A City Council divided over salary and other contract issues on Tuesday hired a retired city manager from San Luis Obispo as Rohnert Park’s interim city manager Tuesday.
John Dunn, who will be paid $15,900 a month plus a $2,000 housing and car allowance, steps into what has become somewhat of a revolving-door position at the head of a city with severe budget problems.
“He’s ready to go and he understands our problems,” said Mayor Pam Stafford.
Under his contract, Dunn, who retired in 2000 after 13 years as San Luis Obispo’s top government official, is guaranteed six months of his one-year contract.
The contract was approved on a 3-2 vote.

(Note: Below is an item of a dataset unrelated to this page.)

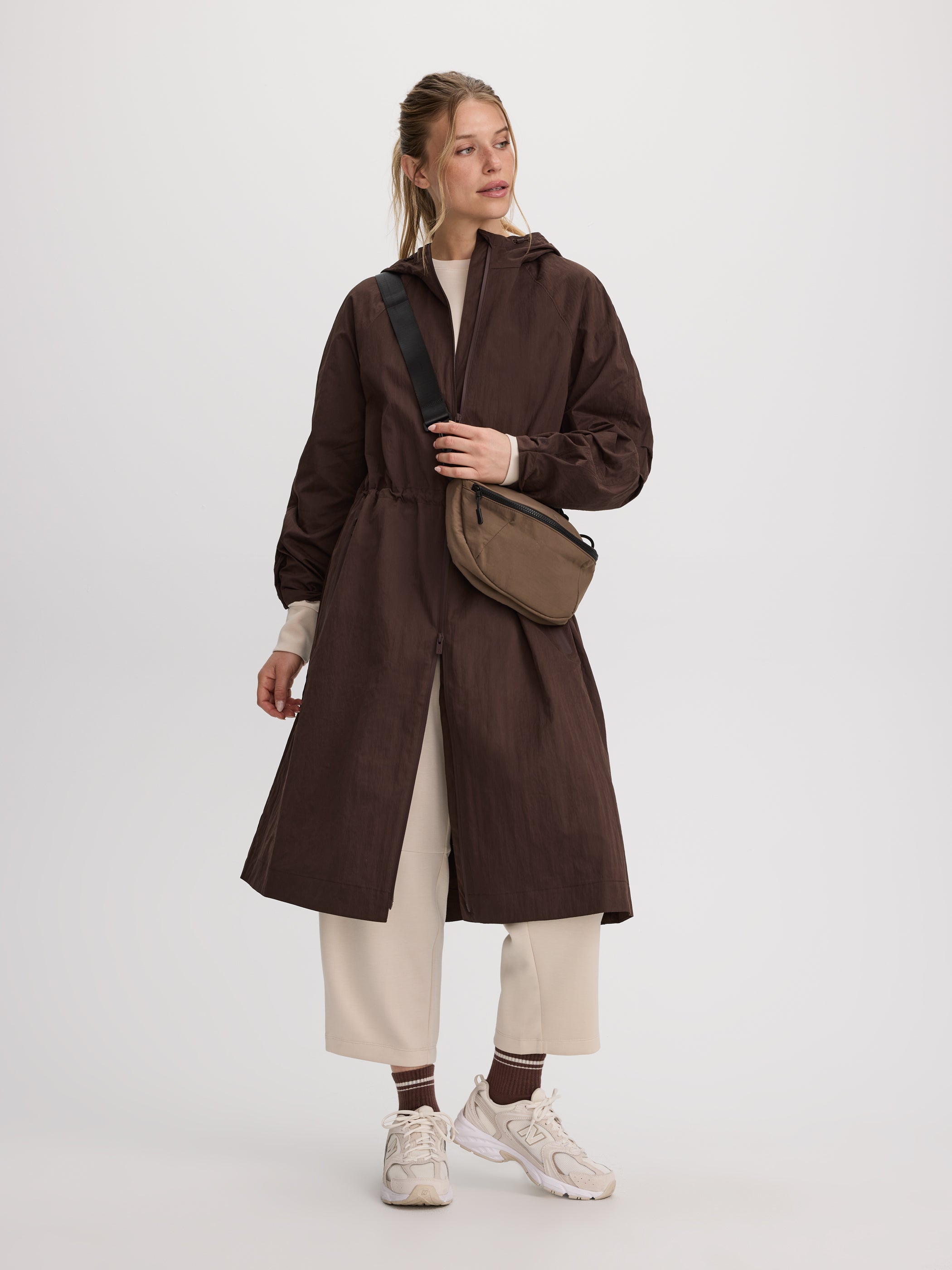 Long Hooded Rain Jacket - Hyba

Council members Amie Breeze and Joe Callinan, who voted against Dunn’s contract, said that with the city already negotiating with a new and permanent city manager, it was too expensive and fiscally unwise.

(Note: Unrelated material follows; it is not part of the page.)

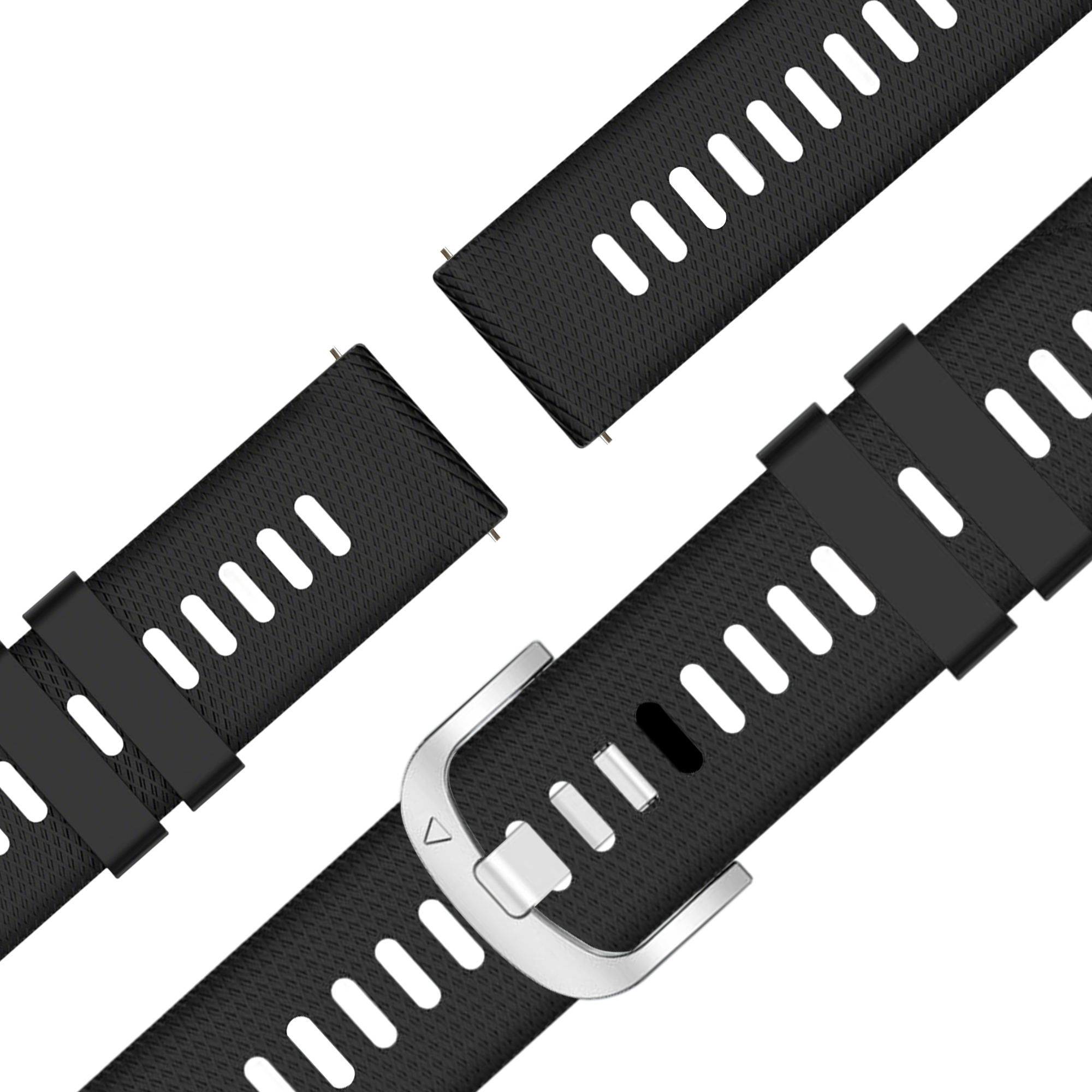 Bandz Bracelet silicone 'Deluxe' Garmin Venu 2s (noir)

“The sticker price is pretty surprising to me and in our budget crunch, I don’t feel it would fiscally responsible,” Breeze said.
Callinan said that department heads could rotate through the city manager’s position until it was permanently filled, which he said could take place as soon as in 45 days, and that the terms of Dunn’s contract would hurt the city as it campaigns for a half-cent sales tax measure that proponents say is crucial to its financial viability.
“We’re asking people to sacrifice, to put their money out there, and here we are putting money out the window,” he said. “In my eyes, this would be one of the silliest things this council could do.” Since April 30, Darrin Jenkins, the city’s engineer and development services director, has been serving as acting city manager.
Stafford said that after a year of layoffs and cutbacks, department heads are already stretched to breaking, and could not be expected to effectively take on more work.
“I absolutely do not think that our department heads can be expected to run the city on top of two or three departments,” she said.
In an interview after the vote, Dunn, 74, said he wouldn’t have any trouble working with two council members who think he’s overpaid. “I will work carefully with each council member to address the issues that the city is facing,” he said.
Since his retirement from San Luis Obispo, Dunn also has been an interim city manager in Pismo Beach and Grover Beach.
“I have taken this job on as a challenge to assist the city to deal with the substantial financial challenges they face,” he said Tuesday.
The city faces a budget deficit projected to be about $6 million in the fiscal year that begins in July. The city has cut nearly $6 million in the past nine months in what is now a $26.5 million budget. Officials are now campaigning for Measure E, the half-cent sales tax on the June ballot.
Longtime San Luis Obispo councilman and former mayor Allan Settle said Dunn is a manager who favors two-year budgets and has coped successfully with tough economic times.
Settle said Dunn ran San Luis Obispo’s government in the early 1990s, a time of steep recession during which the state was, as it is today, taking money back from county and city governments to address its own deficit.
“He was always successful in mitigating budget shortfalls,” Settle said. “He knows his business.”
Dunn was assistant city manager of Sunnyvale from 1961 to 1965. In Monterey, he served as assistant city manager from 1967 to 1978 and city manager from 1978 to 1987.
In Rohnert Park, Dunn becomes the fifth top administrator in five years.